Ex 34:4b-6, 8-9
Dn 3:52, 53, 54, 55, 56
2 Cor 13:11-13
Jn 3:16-18

Torki_Holy_TrinityWhen teaching Theology 101, I would always incorporate the following True/False question in some form or another into my midterm or final exam: “The Old Testament depicts a God of wrath while the New Testament depicts a God of mercy.” Despite my efforts to teach this statement’s falseness, a surprising number of students would miss it each semester. And I understand why. In 101, we read the Fall which befuddles so many students who simply can’t understand what our original parents did that was so wrong. We read the story of the flood and grapple with God destroying everyone on earth but one family. We talk about the seemingly genocidal campaigns of Joshua and the apparent pettiness of God in rejecting Saul. When we hit the New Testament, it’s Jesus healing the blind and raising the dead and feeding the hungry and showing mercy to the sinner. We don’t talk about the story of Ananias and Sapphira which makes God seem pretty scary indeed, nor do we spend much time talking about the wrath of God continuing to be poured out on sinners as we read in Romans 1:18. But we do spend an awful lot of time talking about the mercy of God in the Old Testament, such that it really in inexcusable that so many students would get the question wrong. Our first reading emphasizes this very point: “The LORD, the LORD, a merciful and gracious God,
slow to anger and rich in kindness and fidelity.” But the prejudice against the Old Testament God is a hard one to shake. Marcion wanted to throw out the Old Testament precisely for this reason. It is a prejudice rooted deeply in Christian history.

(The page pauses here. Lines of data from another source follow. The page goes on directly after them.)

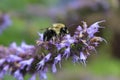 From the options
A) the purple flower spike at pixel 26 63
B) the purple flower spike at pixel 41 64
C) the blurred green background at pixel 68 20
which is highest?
the blurred green background at pixel 68 20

For Christians, the doctrine of the Trinity is what keeps us from getting the wrong answer in asking about the differences between the Old Testament and New Testament God. They are not two different gods. There is only one God: the Father, his only Son, and the Holy Spirit, the Holy Trinity. But it is not just that there is one God who happens to be Trinitarian. It is that the works of this God, the divine economy, is shared among the three persons: “or as the Trinity has only one and the same nature, so too does it have only one and the same operation” (CCC 258). This is to share the divine life, that is, to love. The operation of this Trinitarian God is to call us into relationship with that same Trinitarian God.

In fact, the whole of Christian ethics might be summed up, “Be in union with God.” Jesus says this very thing in the Sermon on the Mount: “Be perfect as your heavenly father is perfect.” The paraenesis at the end of our second reading shows us more specifically how to be in union with God, how we are to love with the perfect Trinitarian love that we are called to share:

Brothers and sisters, rejoice.
Mend your ways, encourage one another,
agree with one another, live in peace

But another foundational point of the Christian moral life is that we simply cannot love with such a perfect Trinitarian love. We cannot be like God. At least, not by our own efforts, however noble they may be. And this is why Christ is the fullness of God’s revelation. It is not that God was doing something different in the Incarnation, but rather that God was giving us the means by which we could finally be like him. This is what our Gospel explains in the oft-quoted passage:

God so loved the world that he gave his only Son,
so that everyone who believes in him might not perish
but might have eternal life.
For God did not send his Son into the world to condemn the world,
but that the world might be saved through him.

In Christ we are saved, in Christ God’s plan for us is made possible. Christ isn’t a different God from the one who flooded the earth or poured out suffering on Job. It is rather that in Christ, we come to know fully the God who did all these things and we come to know the fullness of love from which this Trinitarian God operates, a love which that God calls us to share and in Christ makes it possible to share.

Christian ethics, therefore, is characterized by the normative relationship that undergirds it. Every norm’s telos is ultimately to promote a relationship with the God who is inherently relationship. And just as every relationship is part gift, part response, so too is this one. The relational God offers us in faith the gift of a relationship, a relationship we cannot earn. The rest of ethics is about spelling out the response that love demands.